**DESCRIPTION OF THE TASK:** Transcribe all the records exactly and omit any images they hold.

**EXERCISE DATA:**
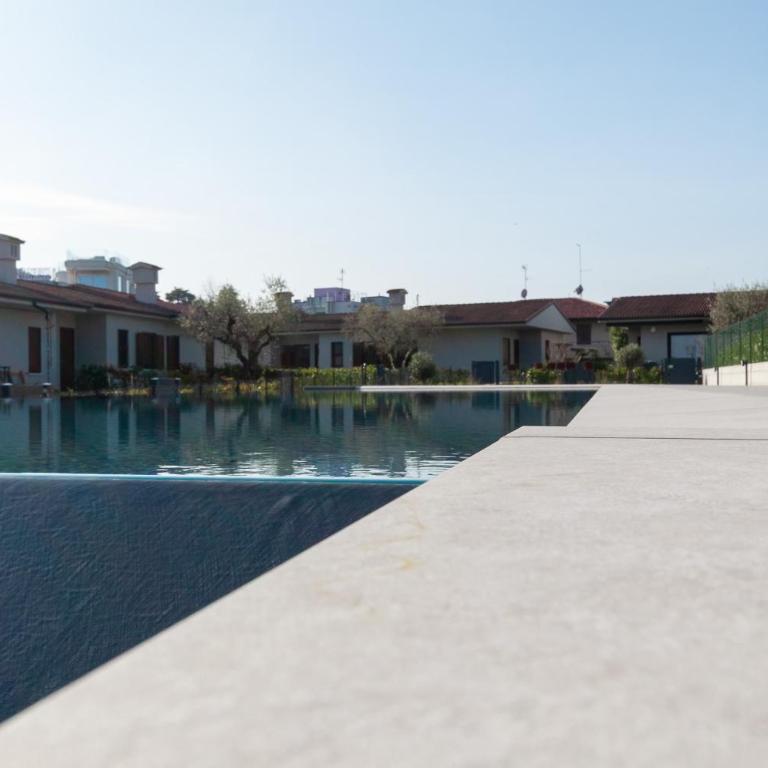 La Lanterna Bianca - Two-Bedroom House - 50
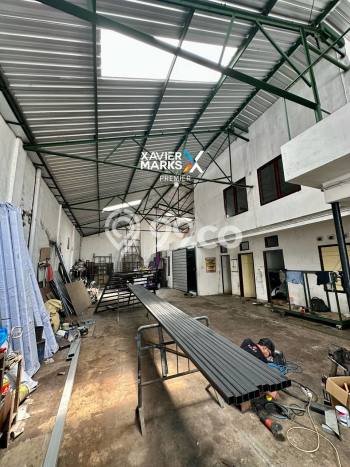 Rumah di Klojen, Malang, LT 626m2m² Bangunan 400m2m² - SEGERA MILIKI! Rumah di Klojen, Malang, LT 626m2m² Bangunan 400m2m² - SEGERA MILIKI!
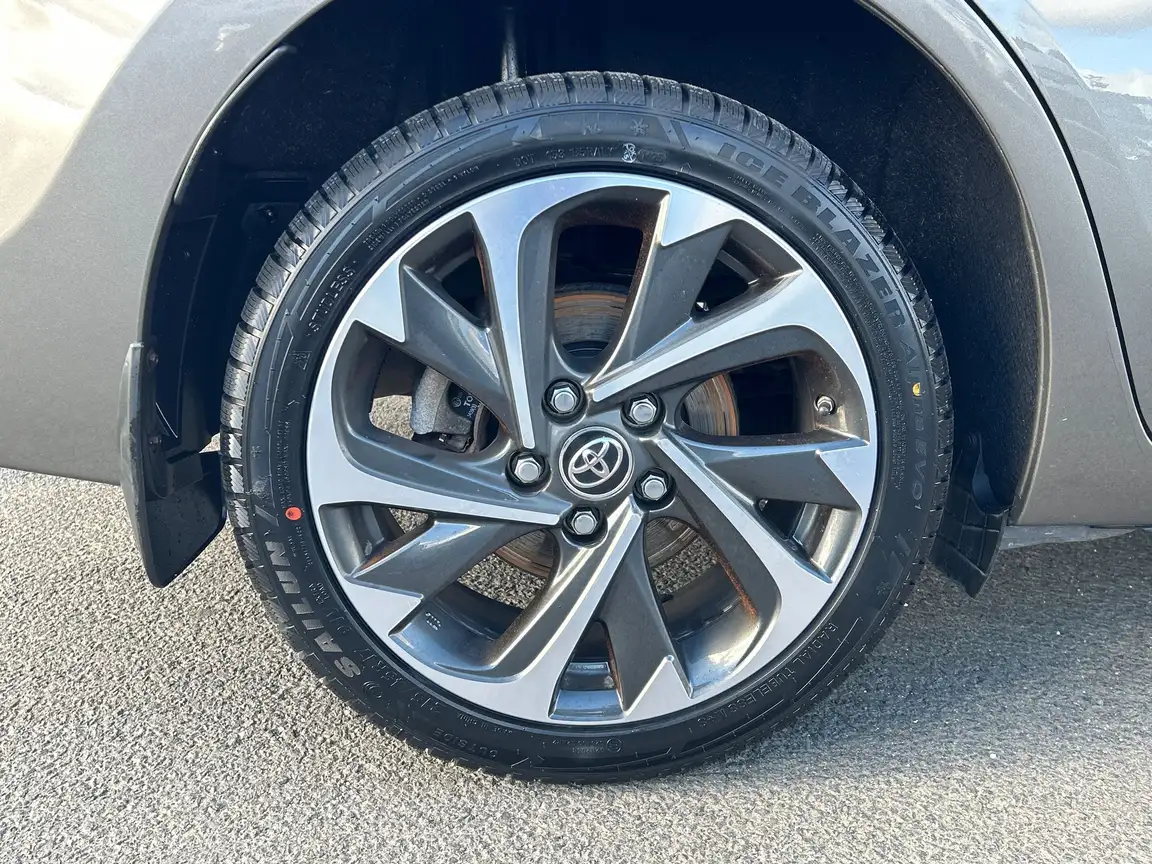 TOYOTA COROLLA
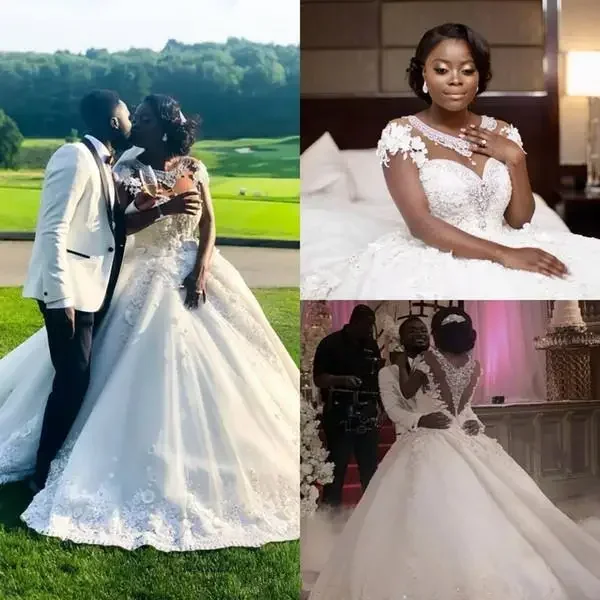 Customized Gorgeous Plus Size African Wedding Dresses Illusion Cap Sleeves Scoop Neckline Lace Ballgown Beaded Bridal Gowns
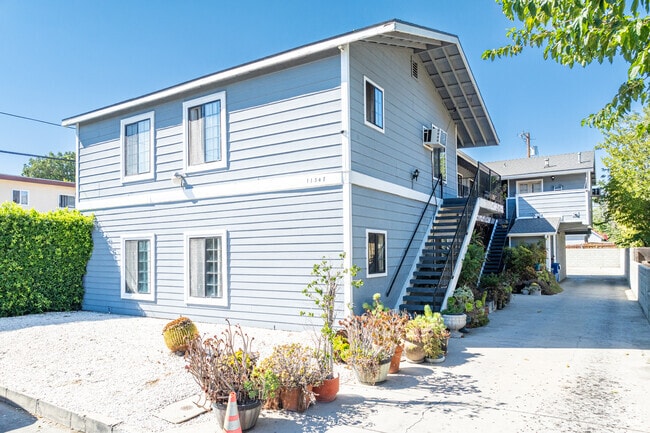 Alternate - 11347 Califa St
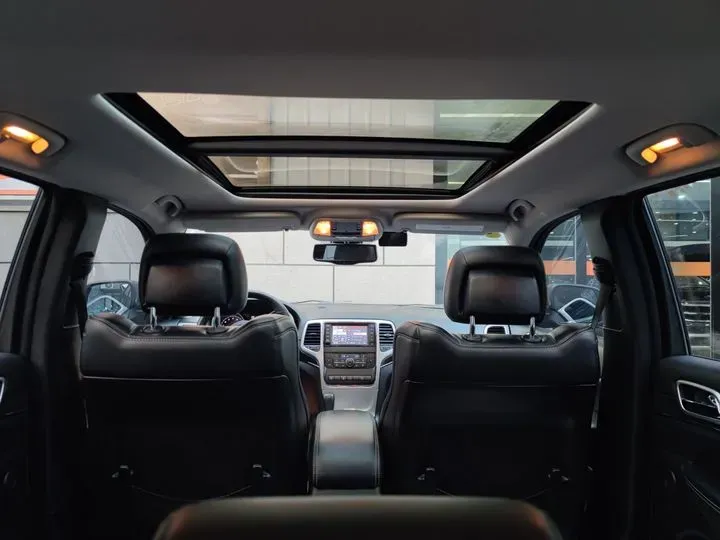 2012 Jeep Grand Cherokee SRT 6.4L 468HP V8 5AT,autocango,china used car exporter,china ev exporter,chinese used car exporter,chinese used ev exporter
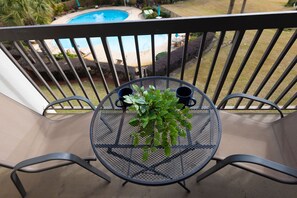 Studio | Property grounds - Beautiful Condo-studio in Fort Walton Beach (Fort Walton Beach)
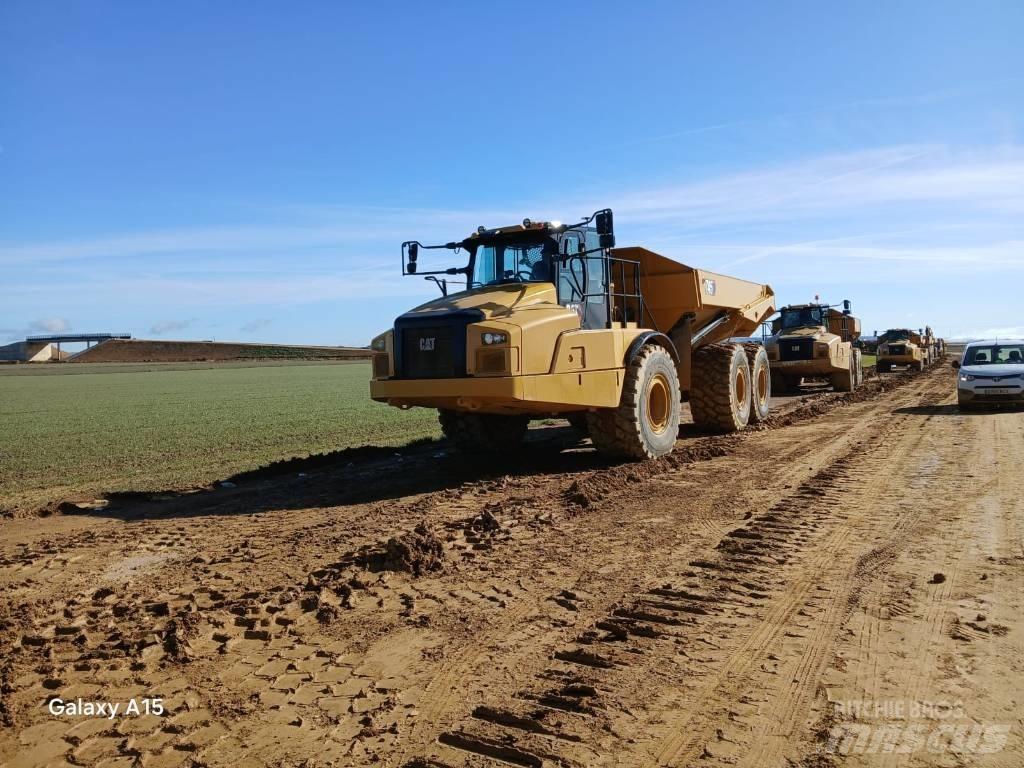 CAT 745 Шарнирно-сочленённые самосвалы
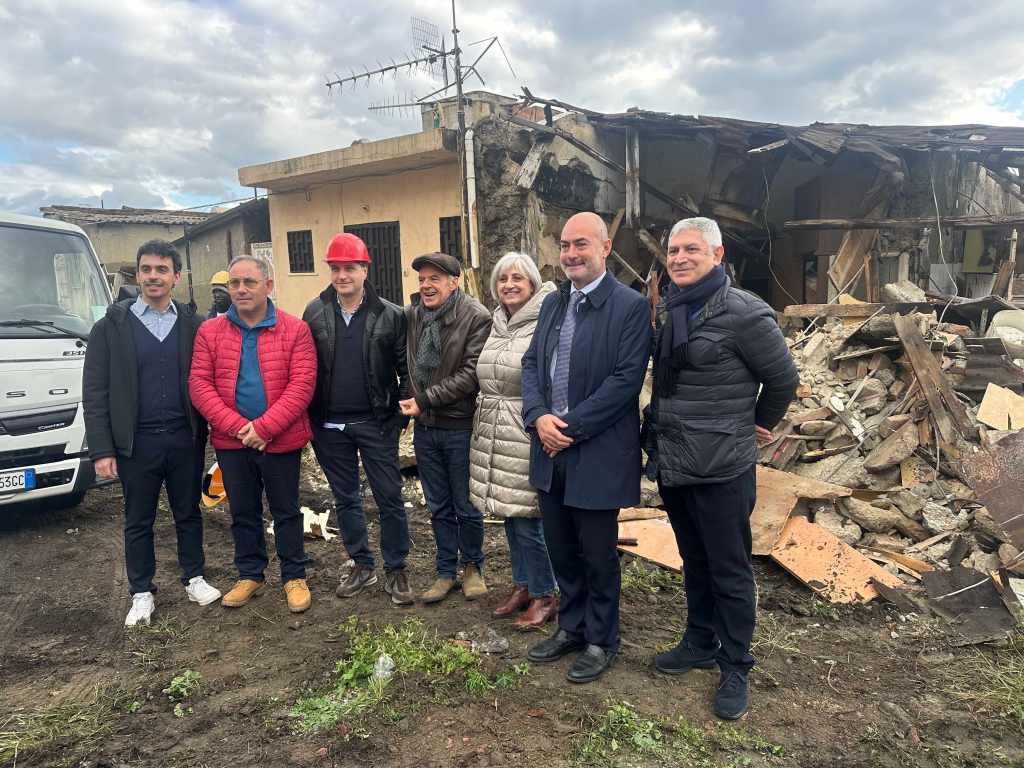 demolizione via taormina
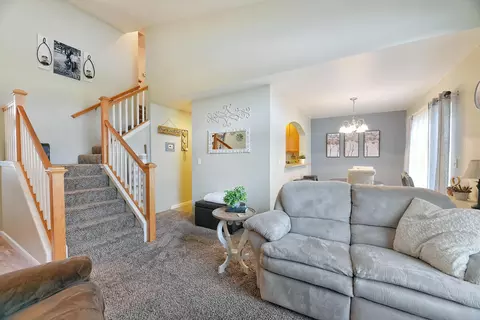 354 Live Oak Loop, Central Point, OR 97502 photo 6
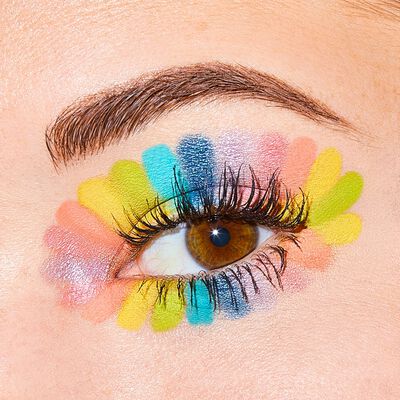 Fargerik øyenskyggepalett med 48 nyanser, inkludert glitter og skimmer. Perfekt for kreative makeup-looks.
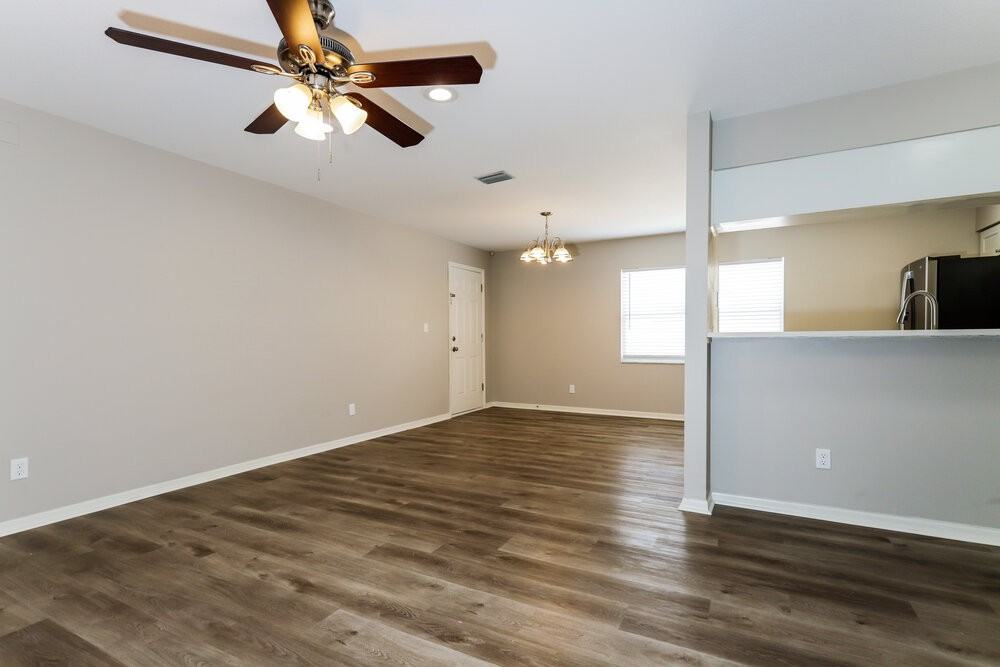 9804 N Connechusett Rd - Photo 3 of 16
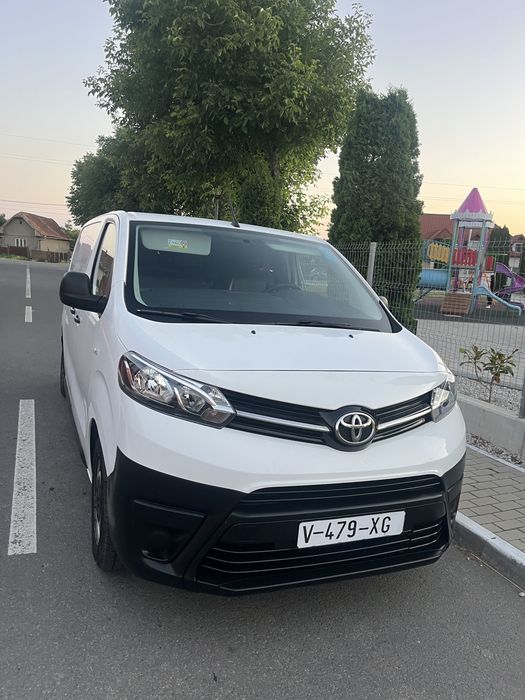 TOYOTA Proace
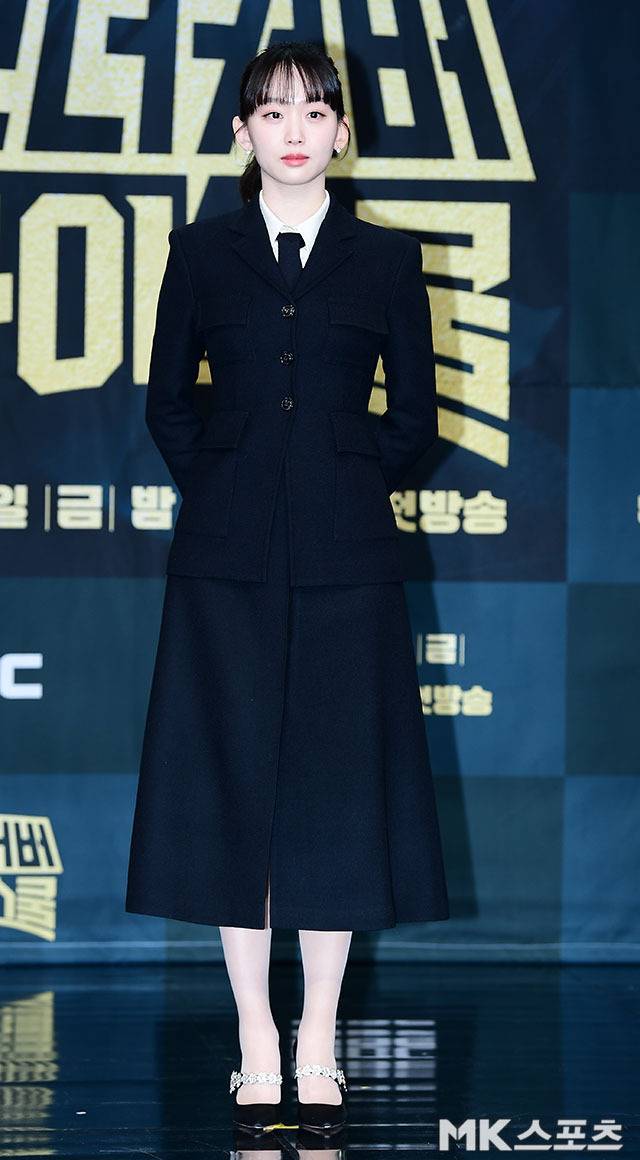 진기주는 네이비 컬러의 코트와 롱스커트를 선택해 고급스러운 분위기를 연출했다. 사진=김영구 기자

**TASK OUTPUT:**
 La Lanterna Bianca - Two-Bedroom House - 50
 Rumah di Klojen, Malang, LT 626m2m² Bangunan 400m2m² - SEGERA MILIKI! Rumah di Klojen, Malang, LT 626m2m² Bangunan 400m2m² - SEGERA MILIKI!
 TOYOTA COROLLA
 Customized Gorgeous Plus Size African Wedding Dresses Illusion Cap Sleeves Scoop Neckline Lace Ballgown Beaded Bridal Gowns
 Alternate - 11347 Califa St
 2012 Jeep Grand Cherokee SRT 6.4L 468HP V8 5AT,autocango,china used car exporter,china ev exporter,chinese used car exporter,chinese used ev exporter
 Studio | Property grounds - Beautiful Condo-studio in Fort Walton Beach (Fort Walton Beach)
 CAT 745 Шарнирно-сочленённые самосвалы
 demolizione via taormina
 354 Live Oak Loop, Central Point, OR 97502 photo 6
 Fargerik øyenskyggepalett med 48 nyanser, inkludert glitter og skimmer. Perfekt for kreative makeup-looks.
 9804 N Connechusett Rd - Photo 3 of 16
 TOYOTA Proace
 진기주는 네이비 컬러의 코트와 롱스커트를 선택해 고급스러운 분위기를 연출했다. 사진=김영구 기자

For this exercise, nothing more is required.